Японская война 1904. Книга пятая (СИ) - Емельянов Антон Дмитриевич - Страница 15


Изменить размер шрифта:

15

Я поправил накинутую на плечи солдатскую шинель. В одном мундире было уже холодно, а еще Огинский настоял. Раз уж я, несмотря на все возражения, решил лично объехать поле боя, то пусть уж хотя бы мой внешний вид не привлекает внимание. Хотя что-то мне подсказывает, что легкий броневик, который я одолжил для этой поездки, и без генеральских погон справлялся с этой задачей.

— Ваше превосходительство, смотрите, — фара выхватила из темноты сгоревшие остовы двух броневиков.

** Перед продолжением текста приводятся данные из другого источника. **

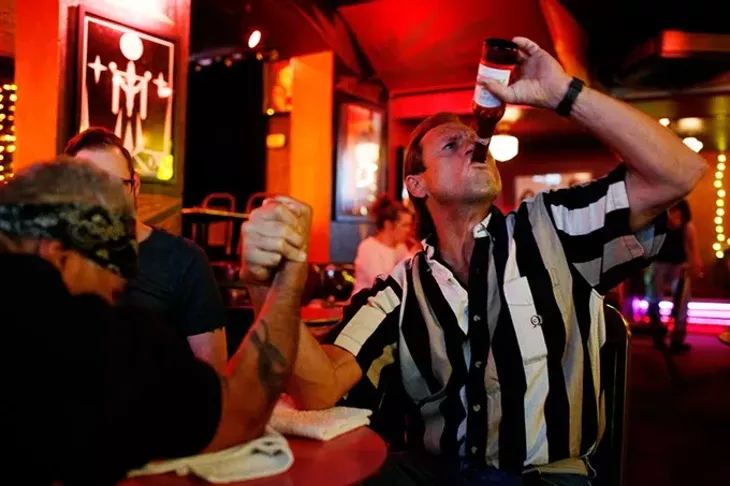 Mark Hughes takes a drink of his beer as he arm wrestles Al Rojas Jr. at the Hilo Club in Oklahoma City, Friday, Nov. 6, 2015. - GARETT FISBECK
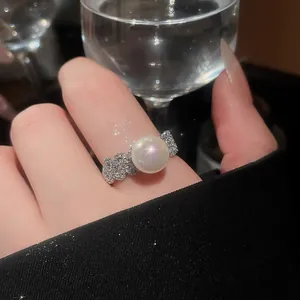 Detailed view of a French vintage zircon flower pearl open ring on an index finger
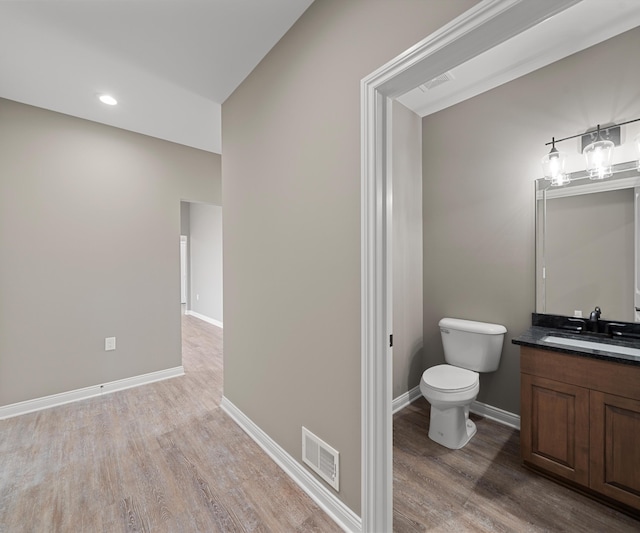 bathroom with toilet, wood finished floors, vanity, visible vents, and baseboards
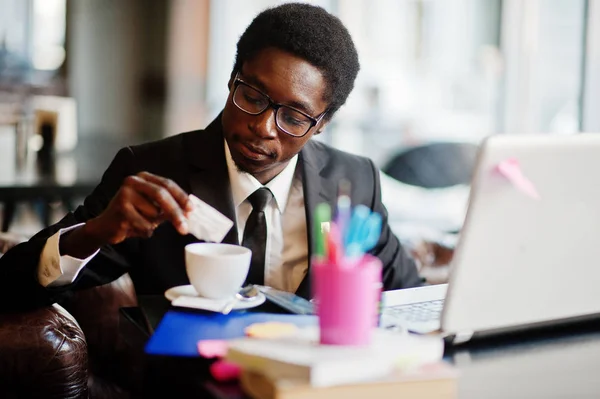 Business african american man wear on black suit and glasses sitting at office with laptop and working, pours sugar into coffee.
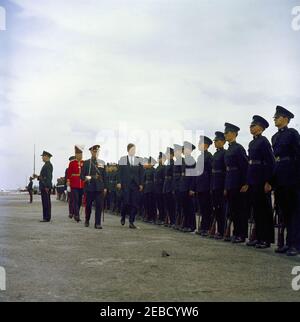 Reise nach Bermuda: Ankunft auf der Kindley Air Force Base, Bermuda, 12:55pm Uhr. Präsident John F. Kennedy (mit Hut) inspiziert Truppen bei seiner Ankunft in Bermuda von Palm Beach, Florida. Gouverneur von Bermuda Major General Sir Julian Gascoigne geht nach links (mit rotem Mantel). Kindley Air Force Base, St. Davidu2019s Island, Bermuda. Stockfoto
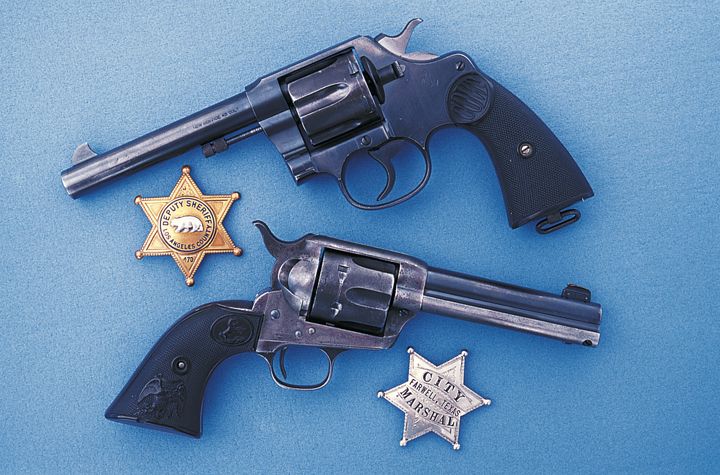 Along with two law enforcement badges, Deputy Grady Pardue’s Colt .45 six-shooters remain together after almost a century. The Colt New Service (top gun) was used by Grady to kill two armed robbers in a gunfight in Arcadia, California just prior to World War II.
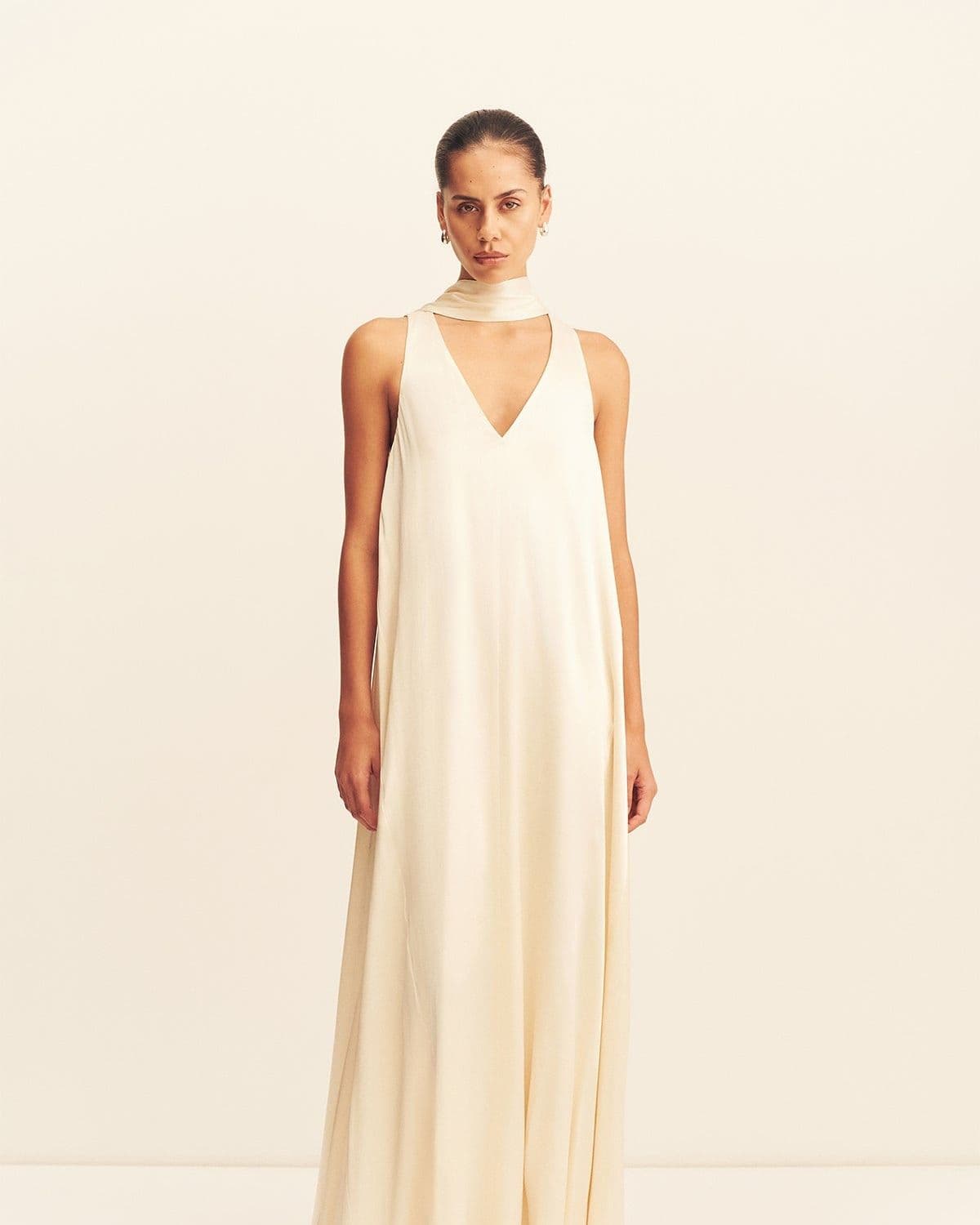 Model in the La Lune Scarf Panelled Maxi Dress (cream), front-facing full-length studio shot with draped satin scarf neckline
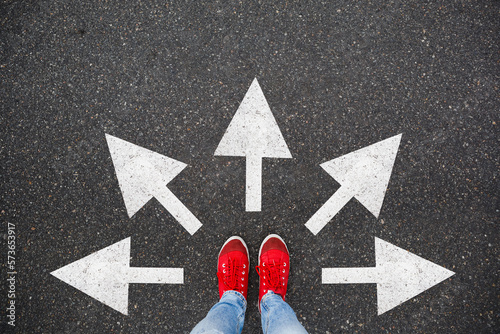 Feet walking away with many directions arrow. Taking decisions for the future sneaker shoes top view road. Selfie student child standing on floor or pathway to success. Creative idea, future concept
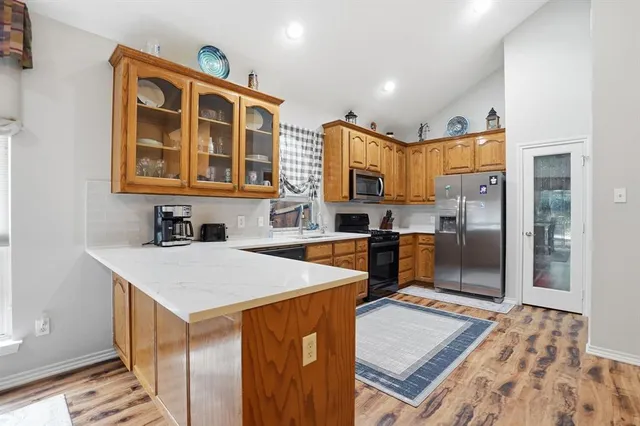 a kitchen with stainless steel appliances a stove sink microwave and cabinets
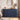 A navy blue ribbed sideboard or credenza in a styled bedroom setting, topped with a candlestick, books, a bowl, a clock, a framed photo, and a white vase with dried flowers.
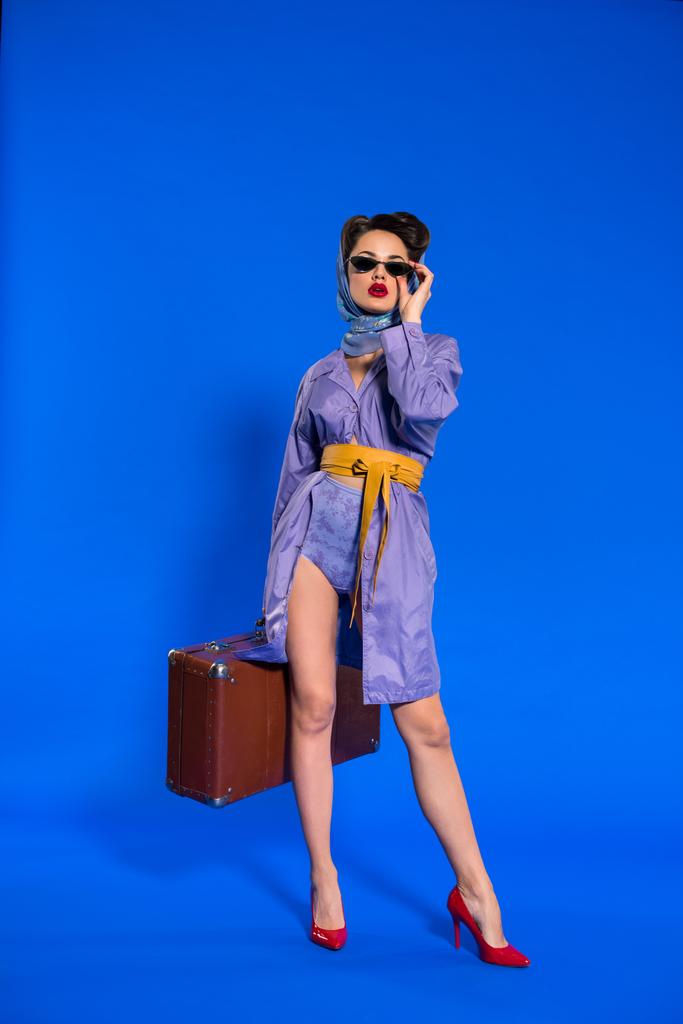 модна молода жінка в ретро одязі з валізою ізольована на синьому
 - Фото, зображення
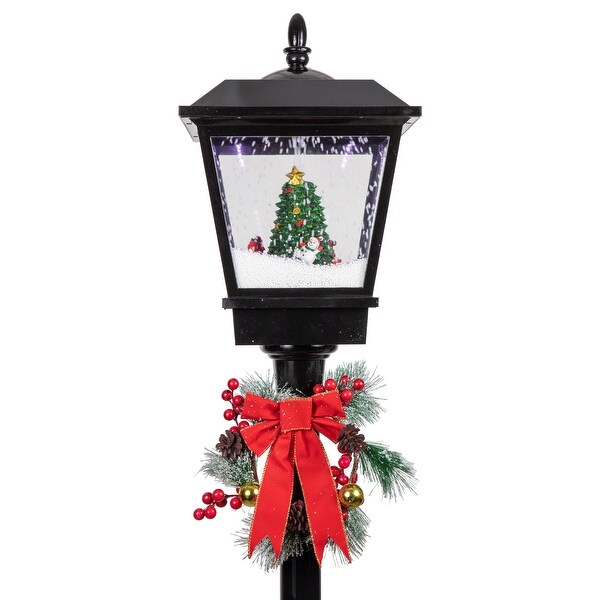 70.75 Lighted Musical Snowing Santa and Friends Christmas Street Lamp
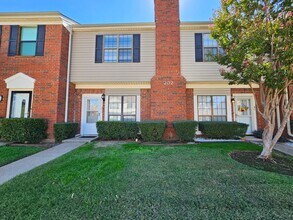 Building Photo - Stunning two-level, two-bedroom, one-and-a-half-bathroom townhome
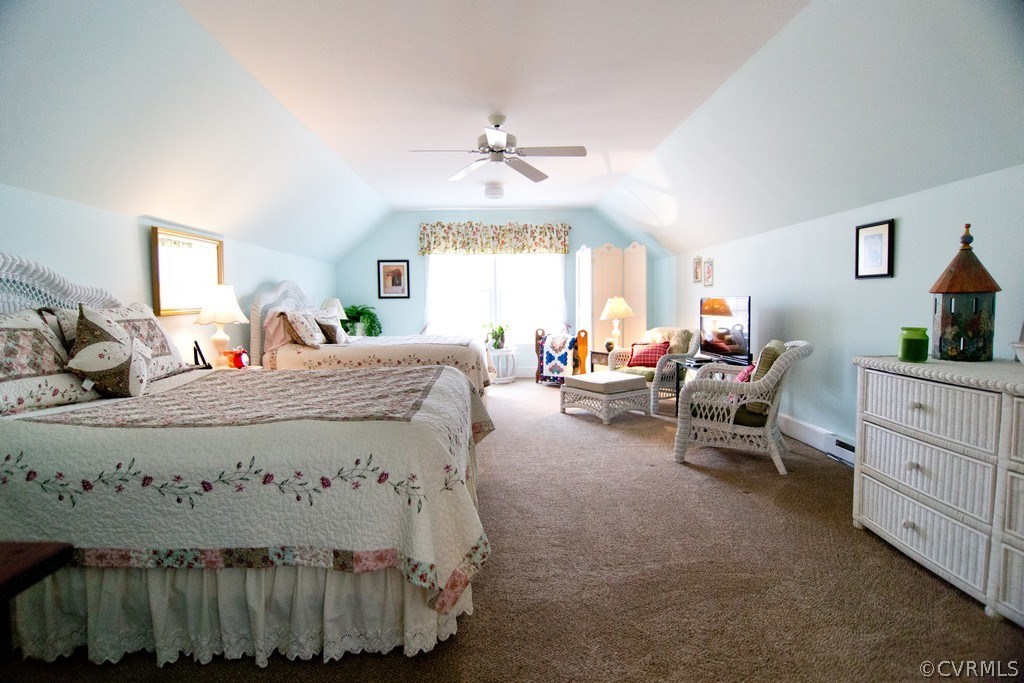301 Slaughter Road Keysville, VA 23947 - Photo 17 of 50 a bed room with a bed mirror and a window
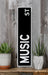 a black and white sign sitting on top of a wooden shelf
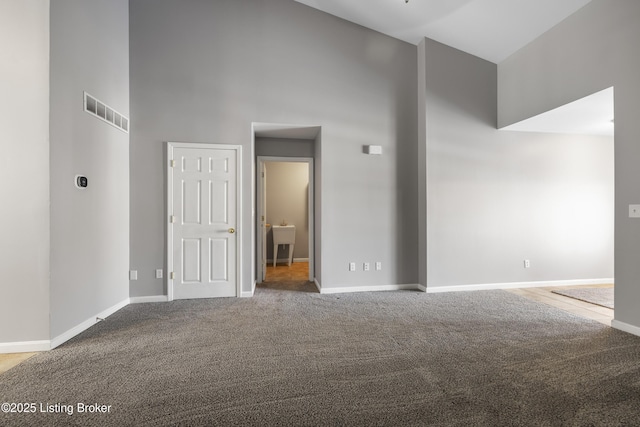 unfurnished room featuring high vaulted ceiling and carpet flooring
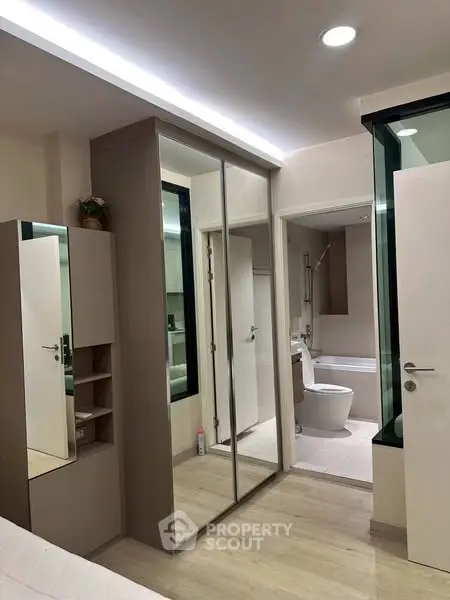 Modern apartment interior with mirrored wardrobe and bathroom view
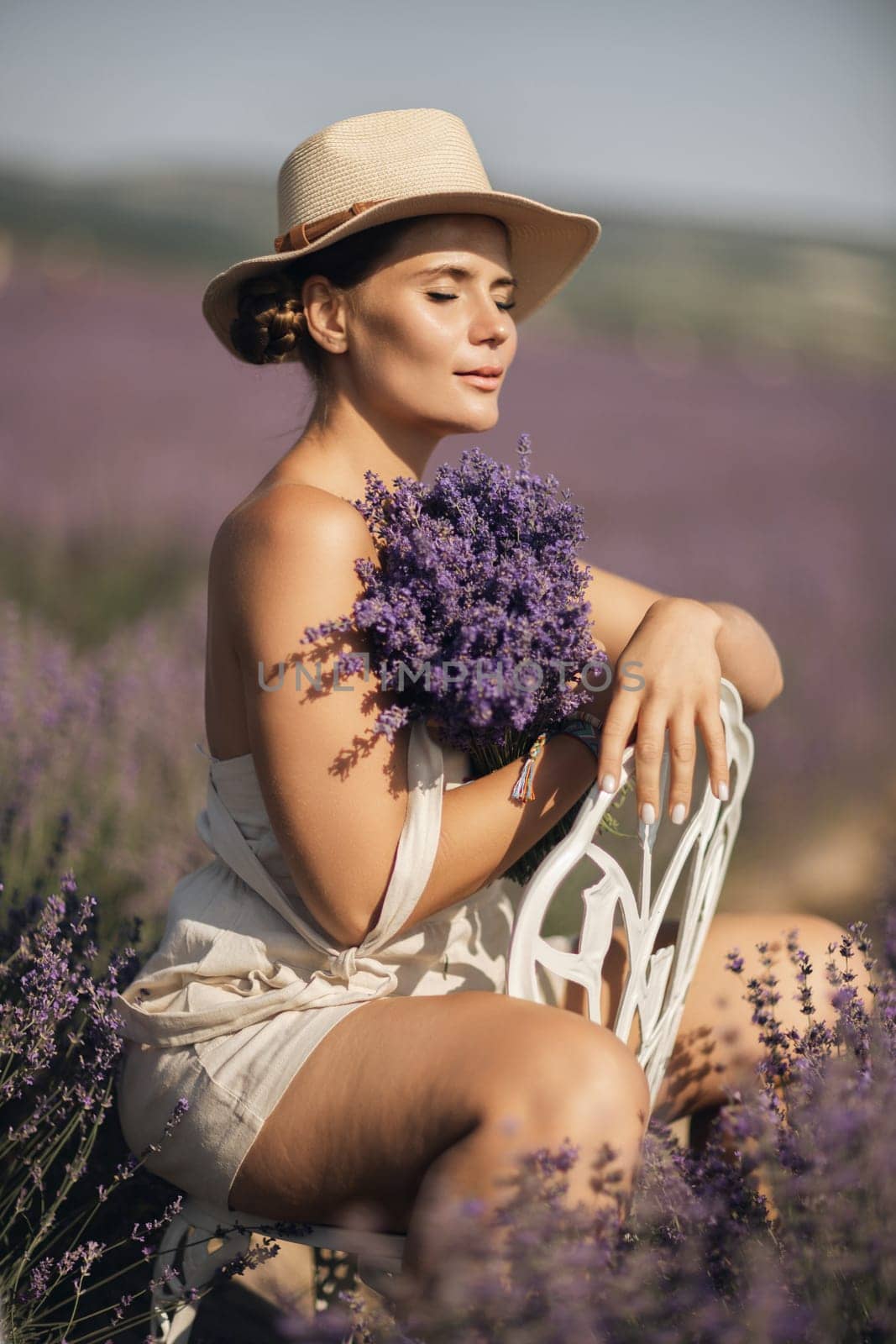 A woman is sitting in a field of lavender flowers and wearing a straw hat. She is smiling and holding a bouquet of flowers. Scene is peaceful and serene, as the woman is surrounded by the beauty of nature.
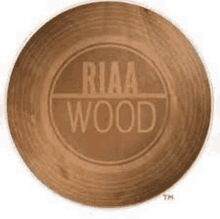 a wooden frisbee with the words riaa wood written on it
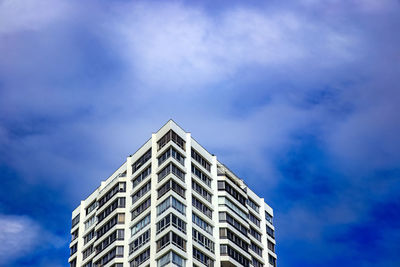 Low angle view of modern building against sky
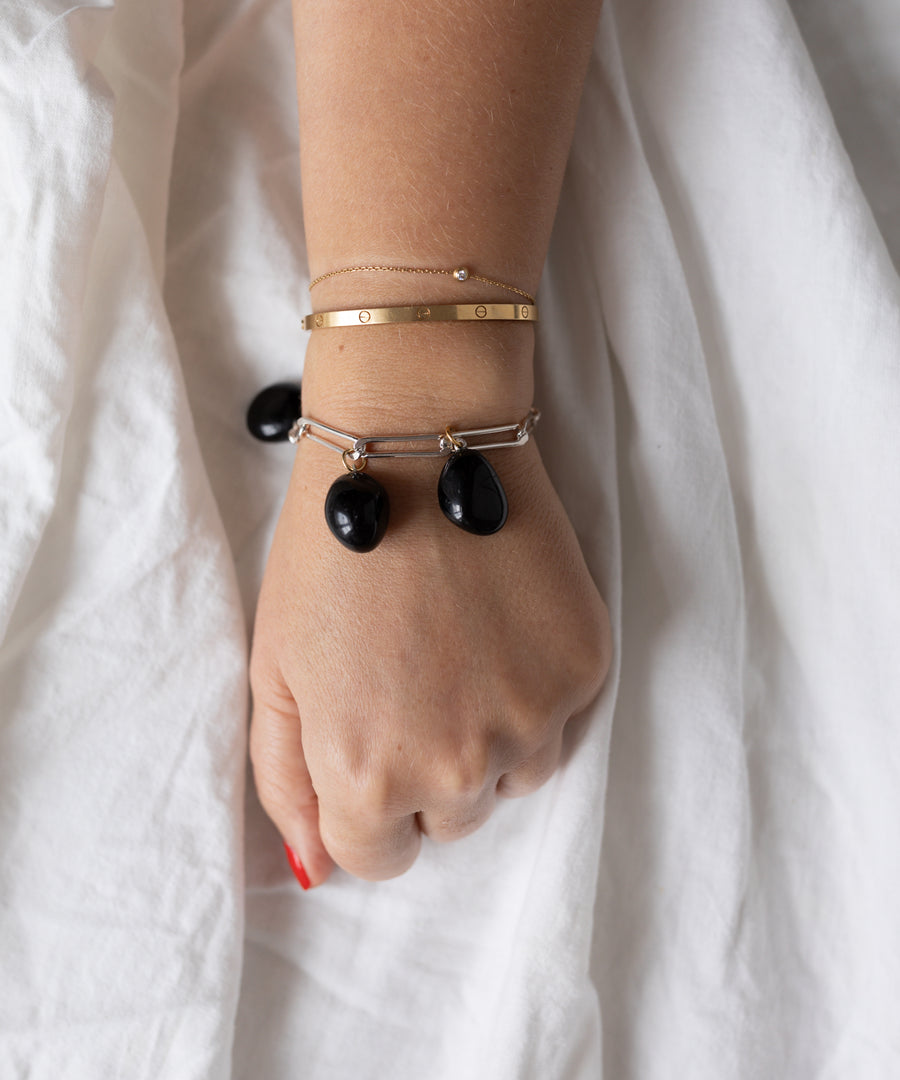 A hand wearing a gold bangle, a chain bracelet, and WALD Berlin’s Collection Noir Ashley Drop Silver Bracelet with three black stone charms rests on white fabric.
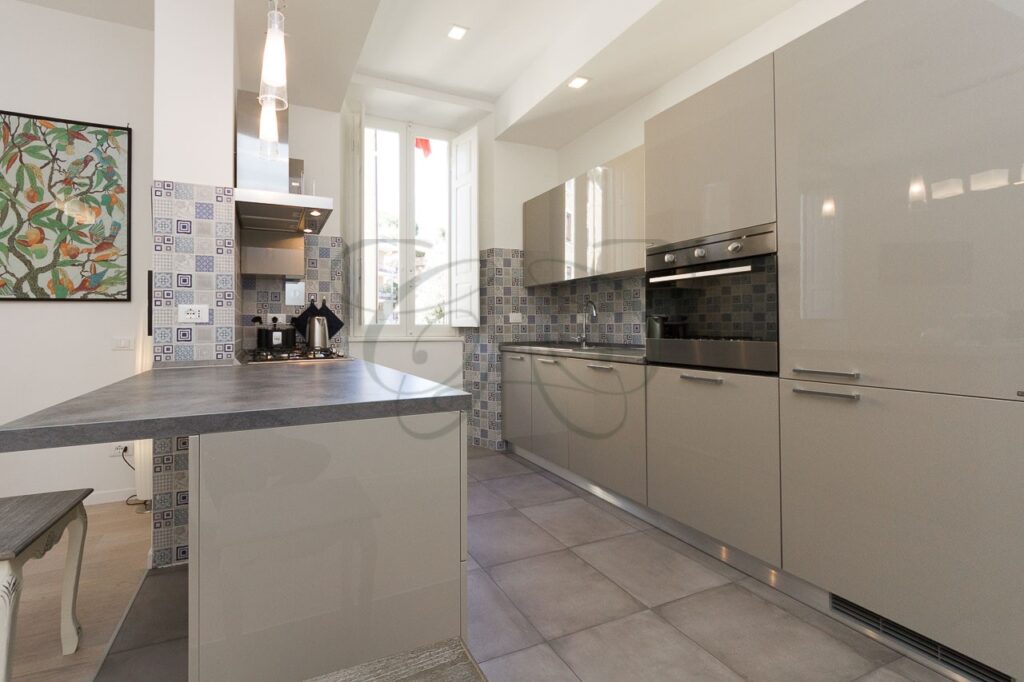 Soggiorno con cucina a vista di design in appartamento ristrutturato e affittato da Class & Country Homes a Roma, Ponte Milvio.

Кажется, это те самые, вокруг которых собрались отступающие части правого фланга и в итоге сдержали прорыв Иноуэ. Я приказал остановить машину и выпрыгнул наружу, приметив насторожившуюся группу солдат. Несколько рядовых, прапорщик и штабс-капитан.

— Михаил Гордеевич Дроздовский, — тут же вскинулся старший по званию, а у меня по спине побежали мурашки.

Знакомые имя и фамилия: не знал, что единственный белый генерал, за которым с фронта Первой Мировой пришли добровольцы, бывал на этой войне. И не знал, что Славский умудрился заманить его в свои сети. Впрочем, не зря…

— Расскажите про бой, капитан, — попросил я.

И мне рассказали. Про хитрость японцев, про их прорыв, про смелость тех, кто пал.

— … А потом, когда осталось всего по четыре снаряда, — взгляд Дроздовского затуманился, — мы их связали, заложили в «Мусье» и, когда японцы полезли внутрь, рванули. Вы бы видели, как они хотели добраться до наших машин — никто даже не подумал о ловушке, так что мы тем взрывом пару десятков человек точно зацепили.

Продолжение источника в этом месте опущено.